Conversely, as the viewer moves away from the screen the virtual swimmer ascends to take another breath. Conceptually this work examines the parallel structure of control placed on exploration. Whether it is the biological investigation of the human body or the human exploration of the natural world, both are limited by the constructs of the system. Using the metaphor of a Bow and Arrow, the more one pulls inward, the further out they can thrust themselves. Here the audience is forcing the figure to submerge while at the same time they come closer to examine the details. Time slows to a stand still as the two are at the closest points. This submerged figure acts as a digital mirror of the collective self. Here as in all the works I am building upon this physical interaction, the work explores the transcendental spectacle that is secondary improvisational theatre. The audience is both participant and performer creating a secondary performance for others. Similar to the early flaneur, who would stroll down avenues people watching or gazing at merchandise of a consumer dream world but today's digital world shifts the purpose and function of the body. This meta performance seeks to expand the work to foster more social dialog.

Here the work is less about the developing the illusion of an open-ended experience, but to restore a Brechtian perspective in the audience and reconnect to the limitations of both simulation and the body. By this I mean specifically that the modes of operations should not appeal to the participant's feelings but rather to their reason, that is it should be didactic and seek social change.

Inherent in this work is a connection with the audience designed to activate a dialog between them and the work. It is combination of building an imaginary landscape that is also disrupting the illusion of a utopian space. The work does possess a form of activism in its construct by inviting participation, either physically or conceptually, in completing the narrative. The role of the public sphere is all about participatory engagement. Art in a broad sense functions as a reflection of the culture, it becomes an extension of the studio, a new space the audience occupies, both familiar and unfamiliar. As exploration of the subject evolves specific media or processes reveal themselves as integral parts of the work itself. By addressing the relationship between the external environment and the internal self, the work struggles with dichotomies in each. The environment in our current culture is a struggle between electronic stimulus (made tools) and nature (untamed) both are living systems that react to/through man in unique and predictable ways. The process for developing works come directly from the embodied experience in contemporary culture. The content flows from one piece to the next using metaphorical imagery and objects that stand in for the body.
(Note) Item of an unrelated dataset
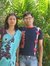 Naresh ...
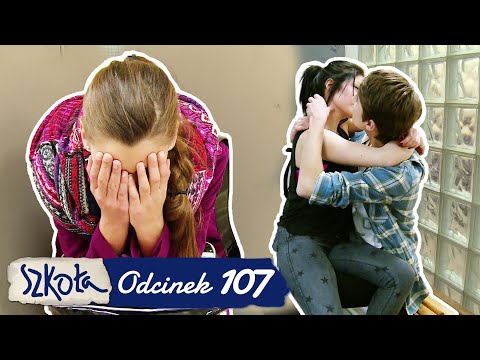 SZKOŁA ODC. 107 CZ. 1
The unifying connective tissue is the meaning that is bridged between the physicality of the materials that are inherent in the subject matter and the ephemeral signal that is the consciousness.


i Jones, W.T. Kant and the Nineteenth Century; (San Diego: Harcourt Brace Jovanovich, 1952), 192.

ii Laland, K.N. “Does Evolutionary Theory Need a Rethink?: Yes, Urgently.” Nature 514 (7521): 162.

iii Foucault, Michel. “Of Other Spaces,” Diacritics 16, no. 1 (Spring 1987): 24.

iv Foucault, Michel. The Order of Things: Archaeology of the Human Sciences (London and New York: Routledge, 2002), 19-20.

v Foucault, Michel. “Of Other Spaces,” Diacritics 16, no. 1 (Spring 1987): 24.

vi Ibid

vii Kac, Eduardo. “Telepresence Art,” Teleskulptur (Graz, Austria: Kulturdata, 1993), 49.

viii Baudrillard, Jean. Simulacra and Simulation (Ann Arbor: The University of Michigan Press, 1994), 3.